** Work to complete **
As the answer, return precisely the lines from the one containing "Bellissimo busto in polvere di marmo h cm 30" to the final line of the material below, inclusive, and omit every picture.

** Available data **
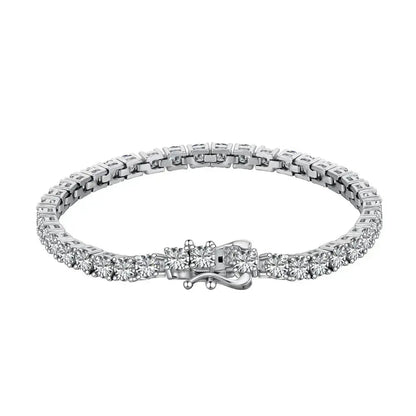 Round Cut 4mm Tennis Bracelet shop name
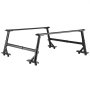 VEVOR Truck Ladder Rack, 21-31.5 in Height, Adjustable Non-Drilling Aluminum Cargo Rack with Sidebar, 800 lbs Static Capacity, Ideal for Canoes, Surfboards, Ladders, Lumber, Tents, and Large cargo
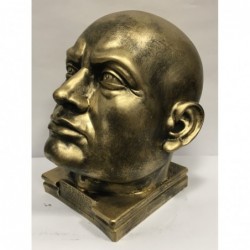 Bellissimo busto in polvere di marmo h cm 30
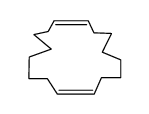 cyclohexadeca-1,9-diene structure, CAS 4277-06-9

** Solution for this task **
 Bellissimo busto in polvere di marmo h cm 30
 cyclohexadeca-1,9-diene structure, CAS 4277-06-9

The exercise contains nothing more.